Mijał już 3 tydzień od kiedy nie było mnie w mieście. Jeszcze kilka dni i poleci 4. Siedziałam na drzewie i przyglądałam się murom, które piętrzyły, chcąc złapać samo niebo. Miałam wiele wątpliwości, czy powinnam tam wracać, ale brakowało mi ich wszystkich, a może byłam egoistką i tęskniłam za ciepłym posiłkiem, wodą i bezpieczeństwem? Zeskoczyłam na zimną, a także morką glebę wychodząc na otwarte pole, kierując się w stronę wielkich metalowych drzwi. Na murze widziałam ludzi, zauważając mnie zaczęli nawoływać innych. Cóż, ciężko było mi powstrzymać uśmiech. Cała we krwi, a także i brudzie podniosłam katanę w ich stronę. Drzwi otworzyły się ze skrzypnięciem. Powitali mnie zarówno z zaskoczonymi, jak i zadowolonymi minami.
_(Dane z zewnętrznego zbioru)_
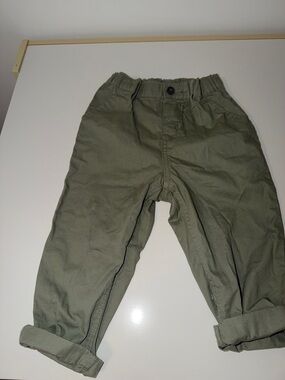 H&M Olive Cotton Casual Pants for Kids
- Nie patrzcie na mnie, jak na ducha - Mruknęłam, odkładając torbę i rutynowo pozwalając się obejrzeć. Od razu dostałam butelkę ze świeżą wodą, która wypiłam duszkiem. Dopiero teraz zauważyłam Aresa.
- Żyjesz - Uśmiechnął się delikatnie.
- Nie tak łatwo mnie zabić. Opowiesz mi o zmianach w drodze do lekarza? - Zapytałam, na co się zgodził. Dowiedziałam się, że większość osób zgodnie oznajmiła iż nie żyje, chcieli wybrać Mobiusa jako nowego dowódce, ale się nie zgodził.
- Ostatnio nie jest zbyt... Aktywny - Wzruszył ramionami - Dobrze, że wróciłaś - Podniósł kącik ust. Odwzajemniłam jego gest.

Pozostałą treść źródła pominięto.